* Is shmem page accounting wrong on split?
@ 2020-08-28 14:25 Matthew Wilcox
2020-08-28 14:55 ` Matthew Wilcox
0 siblings, 1 reply; 6+ messages in thread
From: Matthew Wilcox @ 2020-08-28 14:25 UTC (permalink / raw)
To: linux-mm; +Cc: Hugh Dickins, Yang Shi
If I understand truncate of a shmem THP correctly ...
Let's suppose the file has a single 2MB page at index 0, and is being
truncated down to 7 bytes in size.
shmem_setattr()
i_size_write(7);
shmem_truncate_range(7, -1);
shmem_undo_range(7, -1)
start = 1;
page = &head[1];
shmem_punch_compound();
split_huge_page()
end = DIV_ROUND_UP(i_size_read(mapping->host), PAGE_SIZE); # == 1
__split_huge_page(..., 1, ...);
__delete_from_page_cache(&head[1], ...);
truncate_inode_page(page);
delete_from_page_cache(page)
__delete_from_page_cache(&head[1])
I think the solution is to call truncate_inode_page() from within
shmem_punch_compound() if we don't call split_huge_page(). I came across
this while reusing all this infrastructure for the XFS THP patchset,
so I'm not in a great position to test this patch.
This solution actually makes my life harder because I have a different
function to call if the page doesn't need to be split. But it's probably
the right solution for upstream today.
diff --git a/mm/shmem.c b/mm/shmem.c
index b2abca3f7f33..a0bc42974c2d 100644
--- a/mm/shmem.c
+++ b/mm/shmem.c
@@ -819,15 +819,18 @@ void shmem_unlock_mapping(struct address_space *mapping)

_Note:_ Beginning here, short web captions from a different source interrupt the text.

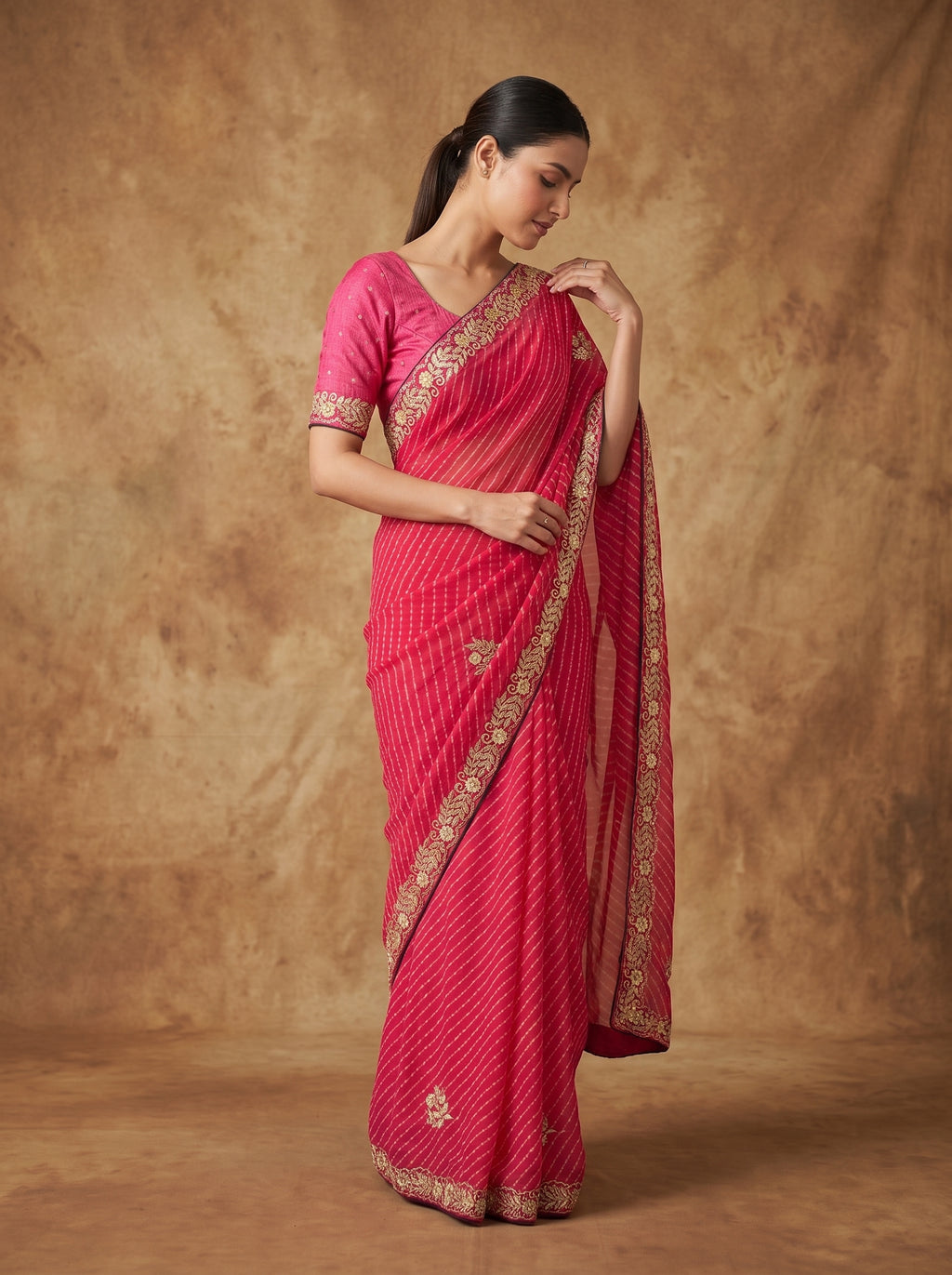 Rani Pink Leheriya Georgette Saree with Gold Zardozi Embroidered Border & Blouse Piece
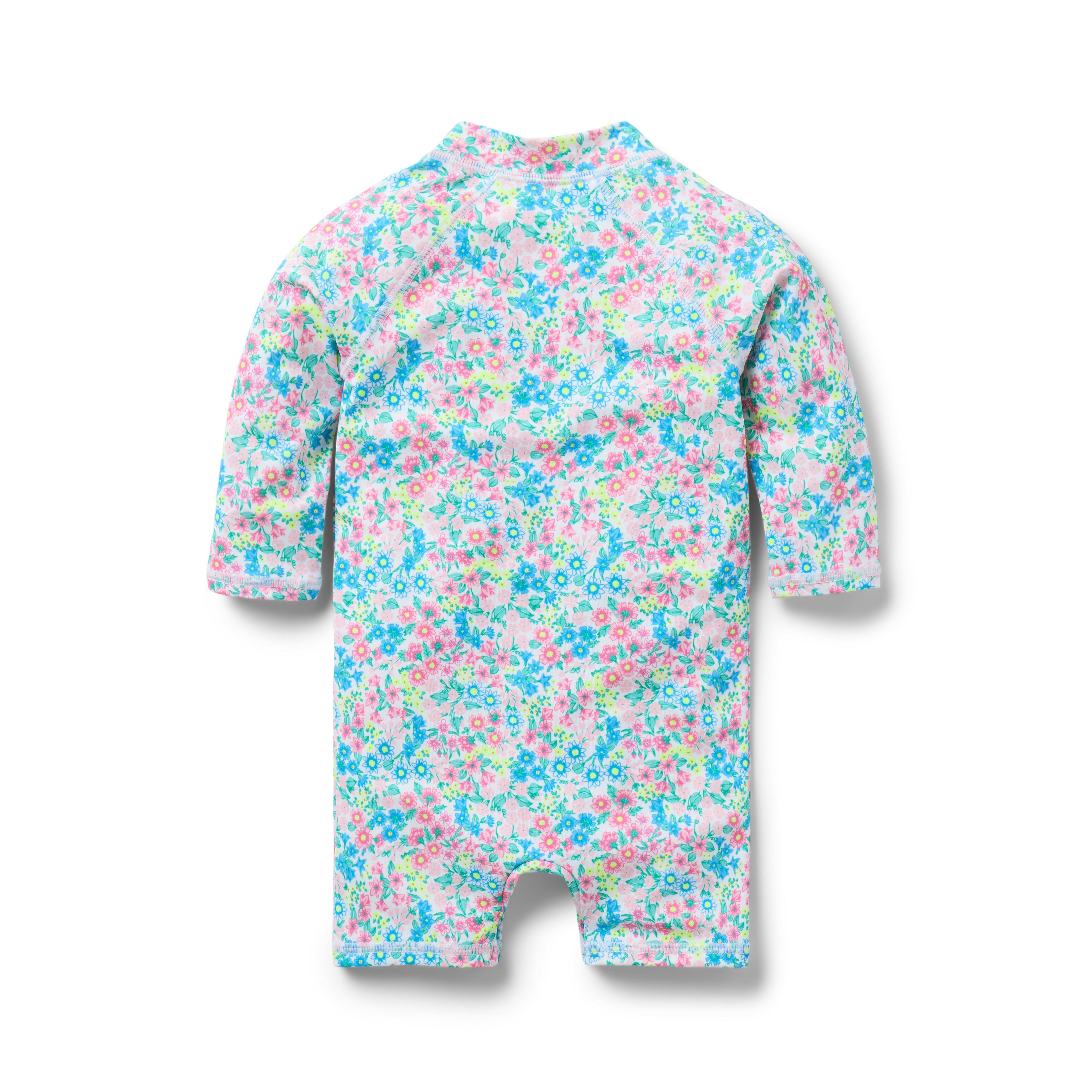 Baby Recycled Ditsy Floral Rash Guard Swimsuit image number 2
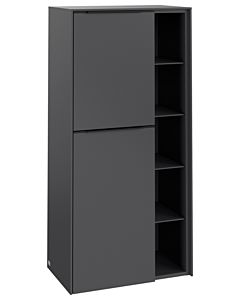 Villeroy und Boch Subway 3.0 Mittelschrank C59801VR 57,4x120x36,2cm, Schanier links/Griff Volcano black, graphite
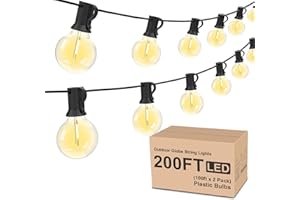 RTTY Outdoor String Lights 200ft, 2 Pack 100ft G40 Led Patio Lights with 52pcs Plastics Bulbs,Waterproof Shatterproof Dimmable Globe Outside Hanging Lights for Patio Cafe Bistro Backyard Gazebo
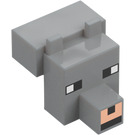 LEGO Medium Stone Gray Minecraft Animal Head with Untamed Wolf Pattern (20308 / 67030)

static bool shmem_punch_compound(struct page *page, pgoff_t start, pgoff_t end)
{
if (!PageTransCompound(page))
- return true;
+ goto nosplit;
/* Just proceed to delete a huge page wholly within the range punched */
if (PageHead(page) &&
page->index >= start && page->index + HPAGE_PMD_NR <= end)
- return true;
+ goto nosplit;
/* Try to split huge page, so we can truly punch the hole or truncate */
return split_huge_page(page) >= 0;
+nosplit:
+ truncate_inode_page(page->mapping, page);
+ return true;
}
/*
@@ -883,8 +886,7 @@ static void shmem_undo_range(struct inode *inode, loff_t lstart, loff_t lend,
if ((!unfalloc || !PageUptodate(page)) &&
page_mapping(page) == mapping) {
VM_BUG_ON_PAGE(PageWriteback(page), page);
- if (shmem_punch_compound(page, start, end))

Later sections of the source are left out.